Lost monastery in Ternopil Oblast, Ukraine

Basil of Caesarea Monastery (Монастир Василія Великого) was a Greek Catholic monastery (UGCC) in Chortkiv of the Ternopil Oblast, that existed from 1607 to 1792 in the Kalichivka area.

==History==
In 1607, a captain in the Polish army, Mykhailo Yakiv, founded the St. Basil's Monastery and the Church of the Holy Trinity on Mount Yurchynskykh. The monastery was to be supported by 12 neighboring parishes.
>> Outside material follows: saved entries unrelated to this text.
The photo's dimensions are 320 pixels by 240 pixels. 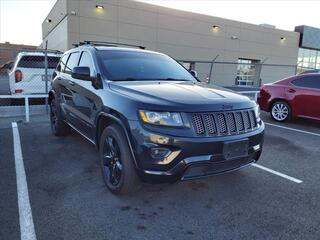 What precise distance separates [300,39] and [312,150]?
3205 cm

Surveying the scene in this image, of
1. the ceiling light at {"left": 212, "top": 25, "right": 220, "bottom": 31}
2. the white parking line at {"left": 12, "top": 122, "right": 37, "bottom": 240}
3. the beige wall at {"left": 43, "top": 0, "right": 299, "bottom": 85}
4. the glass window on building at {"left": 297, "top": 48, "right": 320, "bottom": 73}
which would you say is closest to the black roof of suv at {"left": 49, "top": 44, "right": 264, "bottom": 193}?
the white parking line at {"left": 12, "top": 122, "right": 37, "bottom": 240}

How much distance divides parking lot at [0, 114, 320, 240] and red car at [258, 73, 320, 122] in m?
2.97

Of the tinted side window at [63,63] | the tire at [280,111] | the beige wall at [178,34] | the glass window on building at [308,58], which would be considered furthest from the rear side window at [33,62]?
the glass window on building at [308,58]

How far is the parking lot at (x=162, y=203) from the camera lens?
9.41 ft

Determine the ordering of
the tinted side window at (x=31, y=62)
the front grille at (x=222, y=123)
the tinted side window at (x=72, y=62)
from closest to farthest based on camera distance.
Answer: the front grille at (x=222, y=123) < the tinted side window at (x=72, y=62) < the tinted side window at (x=31, y=62)

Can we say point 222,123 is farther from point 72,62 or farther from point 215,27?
point 215,27

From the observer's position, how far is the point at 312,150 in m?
5.77

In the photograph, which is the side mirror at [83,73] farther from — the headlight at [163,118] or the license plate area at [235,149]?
the license plate area at [235,149]

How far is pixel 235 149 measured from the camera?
3.25 metres

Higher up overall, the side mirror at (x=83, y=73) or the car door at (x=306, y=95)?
the side mirror at (x=83, y=73)

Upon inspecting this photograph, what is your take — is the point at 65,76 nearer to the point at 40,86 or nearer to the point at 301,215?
the point at 40,86

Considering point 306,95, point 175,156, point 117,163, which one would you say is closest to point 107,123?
point 117,163

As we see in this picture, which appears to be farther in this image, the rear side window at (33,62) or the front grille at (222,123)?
the rear side window at (33,62)

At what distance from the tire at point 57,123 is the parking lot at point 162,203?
956 mm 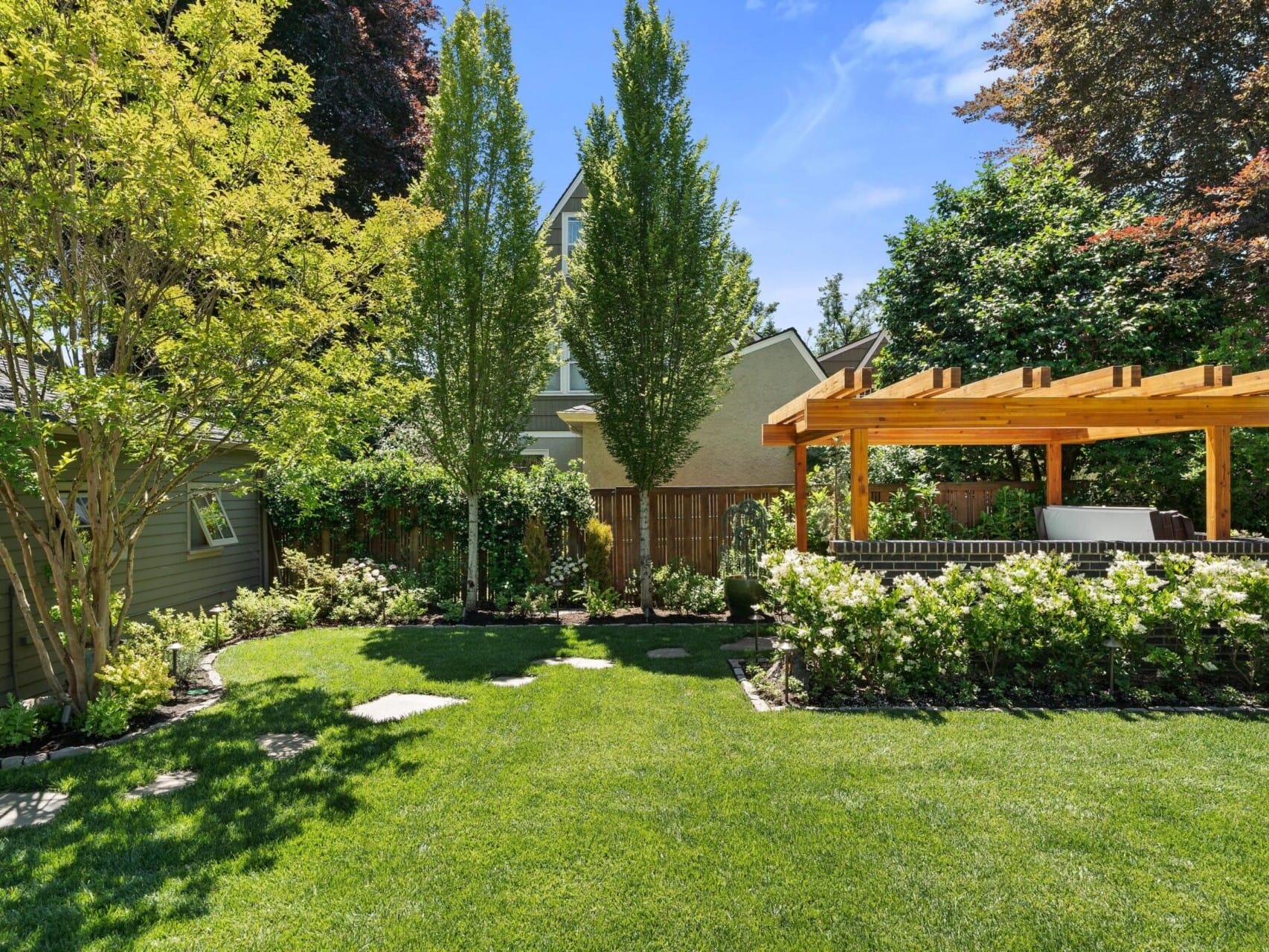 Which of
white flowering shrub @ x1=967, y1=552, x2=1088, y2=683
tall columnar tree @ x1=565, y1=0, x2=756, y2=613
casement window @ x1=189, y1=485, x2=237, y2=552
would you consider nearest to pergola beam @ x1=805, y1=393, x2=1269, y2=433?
white flowering shrub @ x1=967, y1=552, x2=1088, y2=683

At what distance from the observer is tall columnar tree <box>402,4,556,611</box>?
8.49 meters

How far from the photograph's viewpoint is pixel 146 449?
5098mm

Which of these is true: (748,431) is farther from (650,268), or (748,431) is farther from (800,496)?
(650,268)

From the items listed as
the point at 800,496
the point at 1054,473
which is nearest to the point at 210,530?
the point at 800,496

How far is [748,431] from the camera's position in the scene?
13320mm

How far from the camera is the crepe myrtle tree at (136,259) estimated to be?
13.7 feet

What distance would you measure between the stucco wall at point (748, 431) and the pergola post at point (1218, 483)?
282 inches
In 1676, the Turks burned the monastery. The faithful quickly restored the shrine at the end of the seventeenth century.

On 20 February 1722, the owner of the city granted a privilege to the monastery of St. Basil. He granted it a field for perpetual ownership.

In 1724 the monastery was not independent but belonged to the abbot of Krasnopushcha. There were four monks.

On 12 January 1782, Kaiser Joseph II issued a decree on the liquidation of monasteries and convents. The monastery was liquidated by its last abbot, at. Onufrii Kryzhanovskyi.

On 28 March 1792, the liquidation (sale) of the movable estate of the Chortkiv monastery took place.

In 1792 the monastery of St. Basil was demolished.

In 1802 the monastery land was sold to Joseph Mroczynski for 4,920 florins.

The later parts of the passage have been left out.